» **Work task**:
Each line from the one holding "让后者的突 让后者的突" to the last line below must be written out exactly, with no other output.

» **Supplied data**:
○ ○ ○

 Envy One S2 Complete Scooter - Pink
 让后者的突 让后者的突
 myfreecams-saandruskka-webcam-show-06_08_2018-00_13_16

○ ○ ○

» **Output of the exercise**:
 让后者的突 让后者的突
 myfreecams-saandruskka-webcam-show-06_08_2018-00_13_16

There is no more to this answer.